• _Entries shown_:
——
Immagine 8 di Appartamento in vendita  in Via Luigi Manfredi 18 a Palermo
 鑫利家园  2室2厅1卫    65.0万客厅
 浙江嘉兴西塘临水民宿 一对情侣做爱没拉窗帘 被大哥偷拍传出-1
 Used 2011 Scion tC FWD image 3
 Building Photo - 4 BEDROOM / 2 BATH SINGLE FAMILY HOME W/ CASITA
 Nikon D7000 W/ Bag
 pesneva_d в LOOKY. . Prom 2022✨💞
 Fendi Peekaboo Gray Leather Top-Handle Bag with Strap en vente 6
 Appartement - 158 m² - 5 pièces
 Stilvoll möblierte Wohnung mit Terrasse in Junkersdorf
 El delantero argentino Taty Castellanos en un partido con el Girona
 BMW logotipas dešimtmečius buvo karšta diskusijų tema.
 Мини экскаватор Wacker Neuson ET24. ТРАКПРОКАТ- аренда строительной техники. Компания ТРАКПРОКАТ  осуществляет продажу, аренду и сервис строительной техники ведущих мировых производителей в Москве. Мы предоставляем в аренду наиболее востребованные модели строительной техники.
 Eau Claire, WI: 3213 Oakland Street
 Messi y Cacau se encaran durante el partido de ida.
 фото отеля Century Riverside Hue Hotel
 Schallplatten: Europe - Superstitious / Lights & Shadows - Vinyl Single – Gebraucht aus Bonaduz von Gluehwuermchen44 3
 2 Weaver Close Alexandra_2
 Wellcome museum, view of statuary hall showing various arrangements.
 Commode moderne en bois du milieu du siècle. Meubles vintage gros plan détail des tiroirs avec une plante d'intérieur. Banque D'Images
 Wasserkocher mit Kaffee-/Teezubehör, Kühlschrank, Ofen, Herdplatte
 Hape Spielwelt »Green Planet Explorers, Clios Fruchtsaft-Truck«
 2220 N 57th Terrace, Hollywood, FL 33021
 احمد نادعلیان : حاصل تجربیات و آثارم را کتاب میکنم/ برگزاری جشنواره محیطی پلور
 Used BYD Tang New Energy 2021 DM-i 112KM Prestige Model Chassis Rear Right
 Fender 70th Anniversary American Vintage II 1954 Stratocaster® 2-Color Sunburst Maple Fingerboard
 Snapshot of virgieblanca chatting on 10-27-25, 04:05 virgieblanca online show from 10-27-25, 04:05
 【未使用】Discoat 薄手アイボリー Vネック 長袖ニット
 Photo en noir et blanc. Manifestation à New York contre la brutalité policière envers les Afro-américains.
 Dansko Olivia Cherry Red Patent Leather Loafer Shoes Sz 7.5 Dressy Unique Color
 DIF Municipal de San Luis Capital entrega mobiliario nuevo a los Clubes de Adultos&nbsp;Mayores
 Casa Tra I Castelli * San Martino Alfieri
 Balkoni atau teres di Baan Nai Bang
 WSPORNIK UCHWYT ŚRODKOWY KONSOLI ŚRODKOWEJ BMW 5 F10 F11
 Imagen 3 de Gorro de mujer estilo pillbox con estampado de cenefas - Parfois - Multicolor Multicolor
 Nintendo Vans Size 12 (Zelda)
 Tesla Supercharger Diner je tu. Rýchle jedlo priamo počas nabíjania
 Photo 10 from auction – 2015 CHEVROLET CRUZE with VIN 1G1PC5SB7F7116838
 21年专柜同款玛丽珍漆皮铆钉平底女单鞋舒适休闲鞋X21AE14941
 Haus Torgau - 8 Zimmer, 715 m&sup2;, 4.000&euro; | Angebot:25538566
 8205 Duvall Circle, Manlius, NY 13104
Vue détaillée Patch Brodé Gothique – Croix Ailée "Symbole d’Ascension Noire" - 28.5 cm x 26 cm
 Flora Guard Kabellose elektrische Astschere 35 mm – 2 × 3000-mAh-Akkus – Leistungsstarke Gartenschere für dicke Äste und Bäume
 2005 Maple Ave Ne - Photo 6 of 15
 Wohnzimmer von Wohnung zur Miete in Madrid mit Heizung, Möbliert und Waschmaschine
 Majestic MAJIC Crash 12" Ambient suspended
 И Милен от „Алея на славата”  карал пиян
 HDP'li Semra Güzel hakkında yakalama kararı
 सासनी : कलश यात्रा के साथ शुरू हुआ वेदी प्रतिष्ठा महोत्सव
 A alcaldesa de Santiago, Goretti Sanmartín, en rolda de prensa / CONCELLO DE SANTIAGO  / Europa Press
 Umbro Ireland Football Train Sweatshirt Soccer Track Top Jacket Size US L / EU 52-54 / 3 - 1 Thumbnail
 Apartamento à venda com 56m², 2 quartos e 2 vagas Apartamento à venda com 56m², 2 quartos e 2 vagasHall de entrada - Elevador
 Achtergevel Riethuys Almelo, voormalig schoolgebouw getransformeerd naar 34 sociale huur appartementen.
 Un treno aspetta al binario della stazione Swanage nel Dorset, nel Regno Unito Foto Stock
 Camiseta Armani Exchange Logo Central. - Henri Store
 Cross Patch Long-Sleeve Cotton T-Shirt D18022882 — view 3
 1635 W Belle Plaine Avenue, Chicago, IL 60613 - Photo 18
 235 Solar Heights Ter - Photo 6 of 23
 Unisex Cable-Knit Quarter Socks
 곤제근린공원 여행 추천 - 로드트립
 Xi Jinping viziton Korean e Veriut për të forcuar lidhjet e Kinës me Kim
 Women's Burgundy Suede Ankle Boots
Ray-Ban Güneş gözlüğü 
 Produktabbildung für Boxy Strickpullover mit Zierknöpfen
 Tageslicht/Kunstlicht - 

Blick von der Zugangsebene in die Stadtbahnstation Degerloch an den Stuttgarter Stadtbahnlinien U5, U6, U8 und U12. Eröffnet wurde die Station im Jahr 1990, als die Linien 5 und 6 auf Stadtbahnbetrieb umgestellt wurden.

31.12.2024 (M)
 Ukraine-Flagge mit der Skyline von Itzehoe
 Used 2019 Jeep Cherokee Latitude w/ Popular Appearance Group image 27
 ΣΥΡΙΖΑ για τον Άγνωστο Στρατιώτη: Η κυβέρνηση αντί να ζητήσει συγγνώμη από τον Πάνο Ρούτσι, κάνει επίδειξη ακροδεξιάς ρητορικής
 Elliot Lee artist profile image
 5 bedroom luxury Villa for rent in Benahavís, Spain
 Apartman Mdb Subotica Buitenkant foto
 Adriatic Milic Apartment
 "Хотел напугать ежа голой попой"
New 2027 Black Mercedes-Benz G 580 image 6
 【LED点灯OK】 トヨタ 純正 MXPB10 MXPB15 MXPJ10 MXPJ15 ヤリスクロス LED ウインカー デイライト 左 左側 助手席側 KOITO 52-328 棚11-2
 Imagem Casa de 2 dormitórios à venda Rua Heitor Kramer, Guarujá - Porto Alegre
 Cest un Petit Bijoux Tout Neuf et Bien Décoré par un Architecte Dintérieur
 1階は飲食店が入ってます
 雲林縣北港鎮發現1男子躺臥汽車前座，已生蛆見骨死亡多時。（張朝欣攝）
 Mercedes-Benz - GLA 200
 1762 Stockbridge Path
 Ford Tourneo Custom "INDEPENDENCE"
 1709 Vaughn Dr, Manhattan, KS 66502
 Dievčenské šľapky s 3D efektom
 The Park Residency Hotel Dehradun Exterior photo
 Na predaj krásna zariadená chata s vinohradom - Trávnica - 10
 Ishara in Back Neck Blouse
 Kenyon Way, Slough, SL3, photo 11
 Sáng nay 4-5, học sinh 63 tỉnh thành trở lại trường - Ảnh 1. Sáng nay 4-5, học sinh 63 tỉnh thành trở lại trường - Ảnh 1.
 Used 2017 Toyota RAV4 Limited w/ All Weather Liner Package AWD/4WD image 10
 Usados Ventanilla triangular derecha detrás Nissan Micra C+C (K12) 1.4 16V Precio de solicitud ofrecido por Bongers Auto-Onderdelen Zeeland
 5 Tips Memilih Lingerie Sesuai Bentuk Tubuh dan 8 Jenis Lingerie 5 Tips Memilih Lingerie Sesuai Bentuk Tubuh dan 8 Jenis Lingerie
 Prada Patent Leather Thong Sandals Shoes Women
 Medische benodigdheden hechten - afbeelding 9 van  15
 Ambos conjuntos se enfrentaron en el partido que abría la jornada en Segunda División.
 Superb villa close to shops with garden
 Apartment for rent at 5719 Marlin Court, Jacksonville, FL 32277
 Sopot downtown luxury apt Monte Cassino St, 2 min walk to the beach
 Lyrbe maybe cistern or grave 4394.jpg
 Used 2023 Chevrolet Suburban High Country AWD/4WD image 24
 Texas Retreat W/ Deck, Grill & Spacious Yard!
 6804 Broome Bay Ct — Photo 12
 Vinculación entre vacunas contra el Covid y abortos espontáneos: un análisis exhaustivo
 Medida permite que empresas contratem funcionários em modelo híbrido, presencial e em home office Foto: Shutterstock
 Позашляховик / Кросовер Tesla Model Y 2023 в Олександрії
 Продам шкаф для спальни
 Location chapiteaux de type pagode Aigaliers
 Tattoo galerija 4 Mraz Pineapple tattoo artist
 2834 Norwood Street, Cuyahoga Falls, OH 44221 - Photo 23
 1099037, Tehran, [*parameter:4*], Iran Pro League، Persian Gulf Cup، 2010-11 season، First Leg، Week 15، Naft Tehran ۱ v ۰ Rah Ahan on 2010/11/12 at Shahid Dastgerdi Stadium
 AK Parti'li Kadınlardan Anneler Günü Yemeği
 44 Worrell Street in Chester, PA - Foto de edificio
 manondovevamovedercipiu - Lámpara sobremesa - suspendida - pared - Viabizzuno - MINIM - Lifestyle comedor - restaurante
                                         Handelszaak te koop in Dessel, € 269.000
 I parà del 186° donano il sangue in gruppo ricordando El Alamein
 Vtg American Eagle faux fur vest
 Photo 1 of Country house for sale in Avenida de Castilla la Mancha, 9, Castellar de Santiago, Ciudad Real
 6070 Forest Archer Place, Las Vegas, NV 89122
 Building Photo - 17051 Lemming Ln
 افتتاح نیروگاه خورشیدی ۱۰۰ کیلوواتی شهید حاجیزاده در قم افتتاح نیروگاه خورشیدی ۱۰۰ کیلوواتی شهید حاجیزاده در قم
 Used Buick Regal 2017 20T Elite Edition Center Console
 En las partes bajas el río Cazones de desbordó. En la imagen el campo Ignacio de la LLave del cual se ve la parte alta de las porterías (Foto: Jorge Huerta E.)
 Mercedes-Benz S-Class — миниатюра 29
——
• _Task to complete_: Give the number of lines in the listing that hold the string "from". Add nothing else.

• _Solution to the problem_: 2